Erwan Le Bec


Dans les tranchées, Genevois de la ville, Vaudois des campagnes et Bâlois des usines, se retrouvent mêlés à une foule de vocabulaires des provinces encore bien présents au début du siècle. Les vétérans rapporteront un argot qui fait encore partie de notre quotidien un siècle plus tard.

Beaucoup passe par la bouche. Le cuistot est le cuisinier militaire qui prépare la tambouille et le rata. Un embusqué est un planqué, celui qui préfère rester à la cuisine, la roulante, qu’en première ligne. Le régime extrêmement carné des combattants répand des viandes de mauvaise qualité. Bidoche était d’abord le nom des chevaux de bois des forains. Il rejoint barbaque, pour parler d’un morceau quelconque.

La cuisine et la nourriture prennent une grande importance au front. Une grande partie du vocabulaire des poilus y est liée.





Pinard, c’est la munition qui a permis de tenir, du rouge de mauvaise qualité toutefois. Du rab, c’est le reste pour le lendemain, mais la sardine, c’est le gallon d’un officier. Ce que n’a pas un pauvre troufion du front. Celui qui manque de se faire zigouiller, trucider donc, sous les obus qui tombent, appelés les marmites. Le barda, désignait alors le bagage de campagne, lourd et pénible.
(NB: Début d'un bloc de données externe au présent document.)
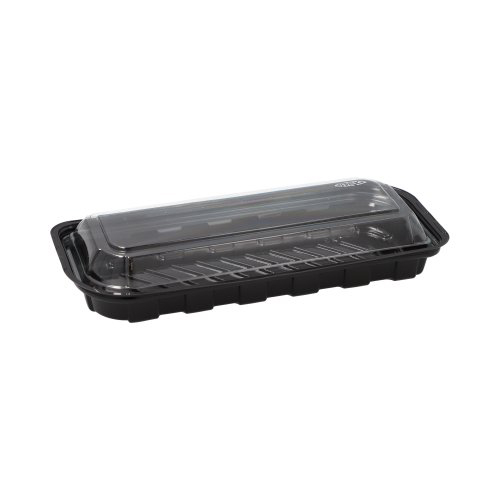 Sushi-Schalen R-PET rechteckig 21 cm x 8,8 cm x 4,3 cm schwarz mit transparentem Deckel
Bourrin, pour mauvais cheval, vient aussi de l’argot militaire.

Maous, comme synonyme de remarquable ou impressionnant, est cité par Dorgelès, l’auteur des «Croix de bois.» Aux pieds, godasse ou godillot se dit parfois ironiquement escarpin. Pépère, c’est le coin tranquille.
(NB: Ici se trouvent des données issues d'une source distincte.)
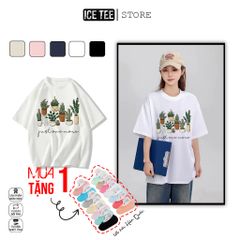 Áo Thun Nữ, Áo Phông Nam Nữ Unisex Tay Lỡ ICETEE Mã i37 Hình in Xương Rồng Chất Cute Cotton Form Rộng Phong Cách Ulzzang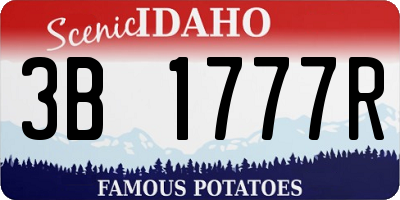 ID license plate 3B1777R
À côté, les soldats des colonies apportent aussi leur vocabulaire. Les tirailleurs font parfois ramadan, qui a donné le ramdam, le tapage, le vacarme. La nouba arabe n’est pas loin. Tout comme le toubib des Algériens. Et si le no man’s land est resté, personne ne se souvient par contre qu’une valse diplomatique a eu désigné des échanges d’artilleries ou que le séchoir désignait un barbelé, sur lequel restaient parfois accrochés des jours durant les cadavres des copains.